Opinion: Why Iran is turning to proactive communications
Salamander Davoudi, co-founder and managing partner at Tancredi, explains how Iran’s corporate environment makes it an exciting frontier for PR.
Iran is emerging as one of the most exciting frontiers in the public relations business. For me, as a former journalist and current PR practitioner, the particularities of media relations and corporate communications in Iran are endlessly fascinating.
What has become very clear in Tancredi’s first 18 months in the country, is that PR in Iran requires a unique understanding of how and why businesses’ attitudes towards corporate visibility have changed.
Until recently, both local and multinational companies engaged in Iran avoided visibility. During the period of international sanctions, there was a strong disincentive for proactive communications.

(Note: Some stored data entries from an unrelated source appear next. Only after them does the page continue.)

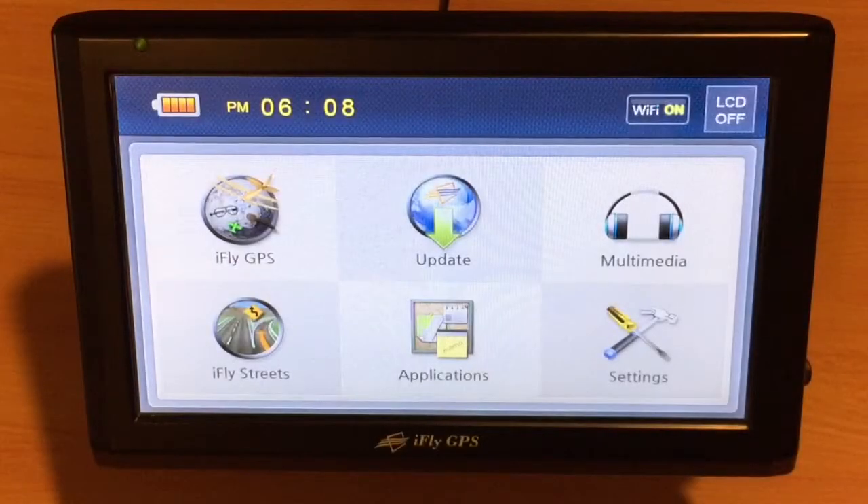Your iFly GPS uses a resistive screen. Sometimes you may notice that the touch point on the screen doesn't exactly match where the screen responds. In this case, you may need to do a touch screen calibration.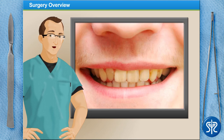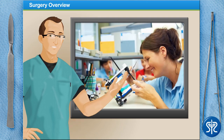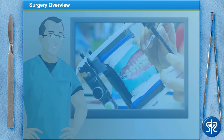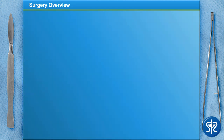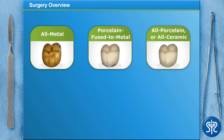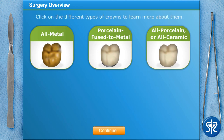Before we begin, let's review the types of crowns used in dentistry. First up, temporary crowns — these are placed over a patient's tooth while they wait for their permanent crown. They're usually prefabricated and made of plastic or stainless steel. A patient's permanent crown can be all-metal, porcelain fused to metal, all-porcelain, or all-ceramic, each with their own advantages and disadvantages. Click on the different types of crowns to learn more about them.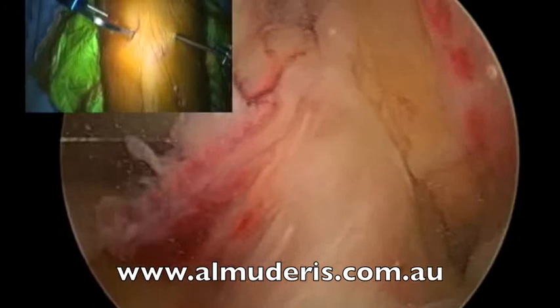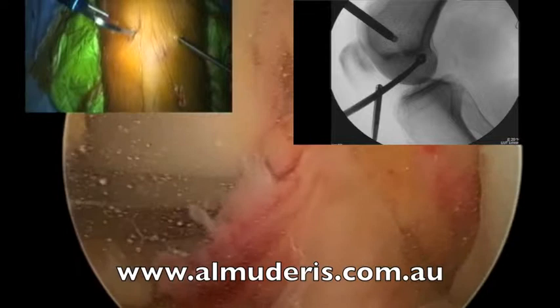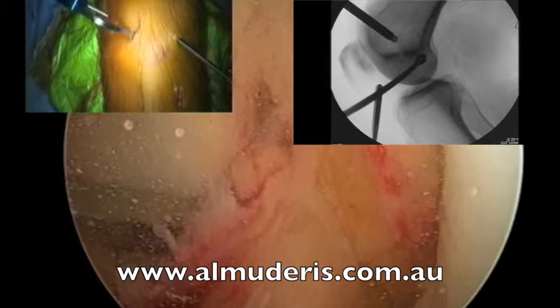Now give me lateral. And up with the machine. X-ray. Now this is a perfect position of the ACL. I am happy with that — it looks very good. That is exactly where we would like the ACL graft to be.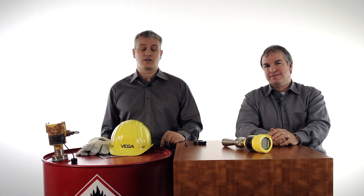Hello, my name is Juan. I'm Ralf. We want to show today how the sensor can be operated very easily in rough and dirty conditions and in hazardous areas.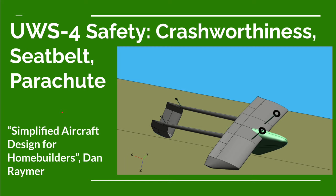Part 103 requires that the empty weight of our airplane be less than 254 pounds, which is around 115 kilograms. In this video we're covering chapter 6 of Dan's book, titled 'Buckle Up For Safety.' There are three things we're going to cover: crash worthiness, how we can design the structure to allow a pilot to survive a crash, seat belt restraint, and a whole airplane parachute.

Major multinational companies downplayed their ongoing operations in Iran due to reputational risks at home, often removing mention of in-country operations from websites and reports.
Iranian companies faced political risk, particularly in the private sector, and downplayed success, market position and overall ambitions to avoid drawing unwanted attention.
The resulting lack of transparency in Iran, which extends to even a basic understanding of which companies are the market leaders and who owns them, has made an otherwise well-developed economy seem especially byzantine.
As a consequence, opponents of Iran’s economic opening easily sow seeds of doubt about the intentions and capabilities of Iran’s business community – with little or no correction offered by the companies they target.
Against this backdrop, PR services have a heightened importance. The ability to effectively communicate will distinguish the most professional Iranian companies from the rest of the pack, setting potential partners, investors and regulators at ease. However, most companies have yet to understand the return on investment offered by strategic communications advisory. This means that PR firms looking to engage the Iranian market must not only navigate a fraught media landscape, but also prove the fundamentals of PR value to clients.
But, the landscape is shifting as the story of Iran post-sanctions enters a critical new phase. The overall consensus among senior political and commercial stakeholders in Iran is that that the upcoming US and Iranian elections, to be held in November 2016 and May 2017 respectively, represent a transition period.
As the “Iran story” moves into a new phase, most major Iranian and multinational companies have identified autumn 2017 as a key period to launch new commercial strategies and are preparing accordingly.
PR can play a key role in these new strategies by advancing three key aims:
- Narratives need to become more granular. In order to depoliticise trade and investment with Iran, Iranian companies need to earn coverage beyond the world affairs pages and reach sector correspondents and trade publications.
- Narratives need to have a human-face. To engender greater trust in the leading Iranian companies, and to ensure they are judged on the merits of their management and vision, Iranian business leaders need to become more comfortable dealing with the international media directly.
- The narrative needs to be data-driven. Deploying financial data as part of the narrative ensures that the best Iranian companies signal their sophistication and maturity.
Together, these three approaches will help address the full range of political and reputational issues affecting Iranian investment and trade.
Whereas in many markets, PR is about highlighting what makes a company extraordinary, for Iranian clients the challenge is to show that a company is perfectly normal.
- Salamander Davoudi, co-founder and managing partner at Tancredi Group, used to work for the Financial Times. Before that, she was a researcher on Iran and US foreign policy in the Middle East.